Don’t crawl, do remind you

Downfall will come before

Anything at all

The lyrics ponder the risks of inaction, before deciding that the best course is to push forward regardless of the consequences.

Pieces of my hope

Blisters with no rope

Lifting ’til I float

I’ll cope, I’ll cope

Any optimism expressed in “Downfall” feels more like a glimpse of light at the end of a very long tunnel. When I interviewed cousins Chloe Kaul and Simon Lam, the Melbourne-based duo who comprise Kllo – pronounced “chlo”, short for Chloe – they told me that it was actually the last song to be written, when the album was almost completed. “It was a moment of relief, really,” Kaul said, “after everything we’d been through… Feeling like we’d come over that hump.” The pair had been under a lot of pressure during the writing and recording of Backwater, made worse by the fact their personal lives were in complete disarray – the musical cousins were going through messy break-ups with their respective partners around the same time and their emotions spilled into the songs. Kaul said the song lyrics were “almost like my diary”. It goes without saying that the long-distance life of a touring musician often plays havoc with relationships.

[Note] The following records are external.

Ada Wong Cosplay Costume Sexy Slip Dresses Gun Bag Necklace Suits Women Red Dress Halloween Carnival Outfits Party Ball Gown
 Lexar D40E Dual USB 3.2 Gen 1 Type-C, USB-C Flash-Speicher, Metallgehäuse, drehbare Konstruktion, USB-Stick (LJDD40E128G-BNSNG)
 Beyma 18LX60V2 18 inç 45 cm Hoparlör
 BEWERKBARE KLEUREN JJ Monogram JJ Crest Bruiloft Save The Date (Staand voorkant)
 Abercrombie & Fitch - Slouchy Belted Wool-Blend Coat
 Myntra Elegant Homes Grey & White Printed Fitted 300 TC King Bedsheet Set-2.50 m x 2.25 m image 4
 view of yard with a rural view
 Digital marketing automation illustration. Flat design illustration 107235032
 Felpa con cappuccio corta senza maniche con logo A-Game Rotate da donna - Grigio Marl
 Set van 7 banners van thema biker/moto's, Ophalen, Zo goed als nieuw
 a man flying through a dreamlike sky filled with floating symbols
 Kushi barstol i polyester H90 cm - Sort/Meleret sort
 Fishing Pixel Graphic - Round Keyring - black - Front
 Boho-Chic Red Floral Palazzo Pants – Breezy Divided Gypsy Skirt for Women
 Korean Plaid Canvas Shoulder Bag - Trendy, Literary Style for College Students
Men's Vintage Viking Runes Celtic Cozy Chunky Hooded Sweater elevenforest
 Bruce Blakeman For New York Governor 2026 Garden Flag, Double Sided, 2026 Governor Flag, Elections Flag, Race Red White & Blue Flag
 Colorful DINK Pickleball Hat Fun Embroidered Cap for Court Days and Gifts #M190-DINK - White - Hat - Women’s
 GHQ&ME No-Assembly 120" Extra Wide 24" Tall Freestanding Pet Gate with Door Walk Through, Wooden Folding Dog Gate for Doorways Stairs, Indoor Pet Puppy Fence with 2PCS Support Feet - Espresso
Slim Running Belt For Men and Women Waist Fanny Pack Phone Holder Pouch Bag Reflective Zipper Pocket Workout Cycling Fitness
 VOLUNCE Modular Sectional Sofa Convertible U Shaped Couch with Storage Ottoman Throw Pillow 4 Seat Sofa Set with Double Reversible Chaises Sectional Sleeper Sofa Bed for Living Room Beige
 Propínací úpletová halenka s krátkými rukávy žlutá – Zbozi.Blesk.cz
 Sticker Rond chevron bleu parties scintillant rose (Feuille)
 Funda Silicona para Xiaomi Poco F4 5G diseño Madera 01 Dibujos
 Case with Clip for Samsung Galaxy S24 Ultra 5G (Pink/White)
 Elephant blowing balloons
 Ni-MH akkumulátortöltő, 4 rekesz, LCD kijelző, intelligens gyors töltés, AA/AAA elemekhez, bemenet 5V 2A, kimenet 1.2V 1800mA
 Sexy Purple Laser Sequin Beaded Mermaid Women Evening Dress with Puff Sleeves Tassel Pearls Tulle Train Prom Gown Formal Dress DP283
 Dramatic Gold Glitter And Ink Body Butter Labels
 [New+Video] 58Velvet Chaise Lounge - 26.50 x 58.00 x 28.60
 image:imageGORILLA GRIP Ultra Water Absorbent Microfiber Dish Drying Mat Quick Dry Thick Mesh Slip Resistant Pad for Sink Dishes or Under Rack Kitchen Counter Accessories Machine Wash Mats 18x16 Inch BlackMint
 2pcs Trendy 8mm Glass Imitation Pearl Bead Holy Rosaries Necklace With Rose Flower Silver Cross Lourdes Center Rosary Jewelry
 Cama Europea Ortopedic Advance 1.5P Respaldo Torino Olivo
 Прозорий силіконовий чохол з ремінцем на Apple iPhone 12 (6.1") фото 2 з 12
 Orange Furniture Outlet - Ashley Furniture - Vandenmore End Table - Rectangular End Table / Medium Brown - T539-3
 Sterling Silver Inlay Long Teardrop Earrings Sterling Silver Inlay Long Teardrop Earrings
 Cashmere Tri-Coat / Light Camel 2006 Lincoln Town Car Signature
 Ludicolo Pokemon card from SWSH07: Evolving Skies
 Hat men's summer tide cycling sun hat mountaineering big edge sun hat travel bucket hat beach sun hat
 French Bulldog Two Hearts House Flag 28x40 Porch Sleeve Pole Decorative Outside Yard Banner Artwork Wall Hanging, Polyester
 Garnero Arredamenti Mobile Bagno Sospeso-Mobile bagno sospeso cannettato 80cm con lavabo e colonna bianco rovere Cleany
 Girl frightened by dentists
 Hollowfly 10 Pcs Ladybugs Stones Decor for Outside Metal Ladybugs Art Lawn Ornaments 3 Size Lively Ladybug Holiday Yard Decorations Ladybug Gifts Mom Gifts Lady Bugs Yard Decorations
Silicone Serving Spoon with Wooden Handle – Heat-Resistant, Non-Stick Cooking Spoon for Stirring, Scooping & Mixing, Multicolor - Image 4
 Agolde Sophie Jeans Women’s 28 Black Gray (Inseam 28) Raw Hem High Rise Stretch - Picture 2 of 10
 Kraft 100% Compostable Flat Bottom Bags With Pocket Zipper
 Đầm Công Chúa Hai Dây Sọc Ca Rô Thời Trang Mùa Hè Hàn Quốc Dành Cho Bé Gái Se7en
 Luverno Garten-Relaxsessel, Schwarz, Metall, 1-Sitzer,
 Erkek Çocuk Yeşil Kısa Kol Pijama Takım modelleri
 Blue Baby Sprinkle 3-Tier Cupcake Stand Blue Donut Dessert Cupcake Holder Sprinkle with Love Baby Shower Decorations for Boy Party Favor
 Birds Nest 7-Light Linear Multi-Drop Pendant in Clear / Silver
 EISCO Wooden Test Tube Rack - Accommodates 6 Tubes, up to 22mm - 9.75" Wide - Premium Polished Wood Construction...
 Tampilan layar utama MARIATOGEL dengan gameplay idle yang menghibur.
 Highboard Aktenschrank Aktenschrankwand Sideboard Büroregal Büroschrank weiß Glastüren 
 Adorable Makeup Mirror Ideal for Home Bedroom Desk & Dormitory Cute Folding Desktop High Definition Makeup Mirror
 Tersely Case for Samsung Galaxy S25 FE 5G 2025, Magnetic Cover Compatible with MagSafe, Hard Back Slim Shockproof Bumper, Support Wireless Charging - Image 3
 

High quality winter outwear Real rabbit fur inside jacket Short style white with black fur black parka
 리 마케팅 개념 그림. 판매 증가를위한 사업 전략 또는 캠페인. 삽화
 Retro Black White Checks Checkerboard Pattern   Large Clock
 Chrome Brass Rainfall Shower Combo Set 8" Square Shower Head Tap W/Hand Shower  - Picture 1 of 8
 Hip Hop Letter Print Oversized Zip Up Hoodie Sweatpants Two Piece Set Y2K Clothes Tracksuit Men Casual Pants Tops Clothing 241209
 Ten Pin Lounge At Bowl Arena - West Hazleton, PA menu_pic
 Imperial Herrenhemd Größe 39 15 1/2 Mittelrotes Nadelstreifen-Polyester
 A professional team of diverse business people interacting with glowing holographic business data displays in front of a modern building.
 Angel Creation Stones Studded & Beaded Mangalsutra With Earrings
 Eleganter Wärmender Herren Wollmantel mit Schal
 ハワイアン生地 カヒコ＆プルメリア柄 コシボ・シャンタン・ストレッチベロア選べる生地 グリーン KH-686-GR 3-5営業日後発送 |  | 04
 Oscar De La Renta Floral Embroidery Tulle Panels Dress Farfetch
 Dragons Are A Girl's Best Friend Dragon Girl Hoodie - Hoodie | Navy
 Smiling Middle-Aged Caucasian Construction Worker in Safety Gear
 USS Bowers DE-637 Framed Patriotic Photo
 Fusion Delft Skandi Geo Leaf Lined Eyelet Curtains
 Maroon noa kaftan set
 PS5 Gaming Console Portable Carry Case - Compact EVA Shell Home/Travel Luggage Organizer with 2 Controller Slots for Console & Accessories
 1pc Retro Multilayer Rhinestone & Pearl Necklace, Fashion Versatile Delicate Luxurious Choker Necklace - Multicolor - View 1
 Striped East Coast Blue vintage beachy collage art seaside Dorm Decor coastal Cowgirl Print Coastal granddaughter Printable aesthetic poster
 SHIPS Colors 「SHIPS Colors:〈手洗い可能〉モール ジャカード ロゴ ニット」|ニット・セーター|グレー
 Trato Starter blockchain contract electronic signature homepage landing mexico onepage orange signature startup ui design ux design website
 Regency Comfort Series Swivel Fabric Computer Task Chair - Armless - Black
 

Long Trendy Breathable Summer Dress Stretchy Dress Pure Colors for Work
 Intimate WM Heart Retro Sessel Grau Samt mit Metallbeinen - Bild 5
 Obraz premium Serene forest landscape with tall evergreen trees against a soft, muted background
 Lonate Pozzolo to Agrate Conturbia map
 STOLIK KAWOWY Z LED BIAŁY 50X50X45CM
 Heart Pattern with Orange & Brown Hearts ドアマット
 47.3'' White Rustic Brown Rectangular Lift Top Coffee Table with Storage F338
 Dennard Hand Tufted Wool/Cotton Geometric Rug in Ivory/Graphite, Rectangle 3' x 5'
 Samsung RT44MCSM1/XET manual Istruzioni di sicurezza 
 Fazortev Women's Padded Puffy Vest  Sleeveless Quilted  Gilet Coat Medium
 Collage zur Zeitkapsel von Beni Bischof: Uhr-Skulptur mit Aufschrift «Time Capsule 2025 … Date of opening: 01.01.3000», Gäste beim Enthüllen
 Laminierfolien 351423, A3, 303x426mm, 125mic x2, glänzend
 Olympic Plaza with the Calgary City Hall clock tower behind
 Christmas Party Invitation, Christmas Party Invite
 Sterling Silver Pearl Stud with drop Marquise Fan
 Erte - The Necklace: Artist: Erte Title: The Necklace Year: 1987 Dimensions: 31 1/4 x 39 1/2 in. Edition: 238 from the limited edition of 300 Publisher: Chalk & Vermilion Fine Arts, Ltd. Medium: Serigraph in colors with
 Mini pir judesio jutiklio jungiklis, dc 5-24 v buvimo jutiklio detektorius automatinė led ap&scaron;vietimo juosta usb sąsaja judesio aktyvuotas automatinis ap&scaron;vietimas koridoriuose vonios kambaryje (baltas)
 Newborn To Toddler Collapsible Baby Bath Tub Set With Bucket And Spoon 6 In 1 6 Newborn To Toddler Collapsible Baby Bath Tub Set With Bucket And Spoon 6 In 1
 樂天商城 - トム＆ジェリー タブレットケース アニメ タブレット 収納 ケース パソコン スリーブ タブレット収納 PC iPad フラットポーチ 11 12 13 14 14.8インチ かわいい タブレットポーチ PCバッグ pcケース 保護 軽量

If “Downfall” describes the end of a stressful time for the band, the third song, “Virtue”, takes them right back to the start, when all their troubles began.

Inner demons I can’t seem to push aside

I can’t stop them, that’s why I need you here

I am no good, could you steer me clear

of my delusions?

Can I count on you to be there with me now?

I can’t bear the thought of losing you somehow

Please hold down the fort since I am not around

Can I count on you to be there with me?

You’re my only virtue

Even though the bittersweet lyrics reek of insecurity and melancholy, “Virtue” is musically the most extroverted song on Backwater. The strong melody soars effortlessly above its uninhibited UK garage-inspired beat, making this the nearest thing to a club banger on the album, though “By Your Side” has a deep dance groove as well. Lam cleverly chops up samples of Kaul’s voice and sets the pitch dial to the helium tone heard on ’80s house tracks. Kaul’s treated voice becomes a wordless chant behind her main chorus vocal, raising the energy level and probably raising many hands on dance floors along with it.

As a producer, Lam likes to push the envelope literally and figuratively. The entire album is a collage of manipulated sounds, with voices and instruments twisted and stretched, compressed, filtered and generally distorted until the original source is almost unrecognisable. For example, when I asked Lam about a stringed instrument I thought I could hear, it turned out to be a percussion sample. Lam just sighed. “Yeah, I have a bad habit— no, it’s not a bad habit,” he said, correcting himself, “it’s a hobby, of just screwing things up.” His work is always tasteful and very rarely obtrusive: sounds are heavily effected, without ever seeming affected.

One thing Lam doesn’t screw up is the clarity of Kaul’s voice in the mix. She is front and centre in every song, even though she sometimes sings so softly it’s more like a melodic murmur than conventional singing. Her unforced delivery gives the songs a wonderful intimacy, and her lilting melodies and delicate trills come across as gentle musing rather than a display of vocal prowess, something I usually find distracting or even annoying. I never tire of Chloe Kaul’s singing, nor do I ever tire of listening to Simon Lam’s inventive production.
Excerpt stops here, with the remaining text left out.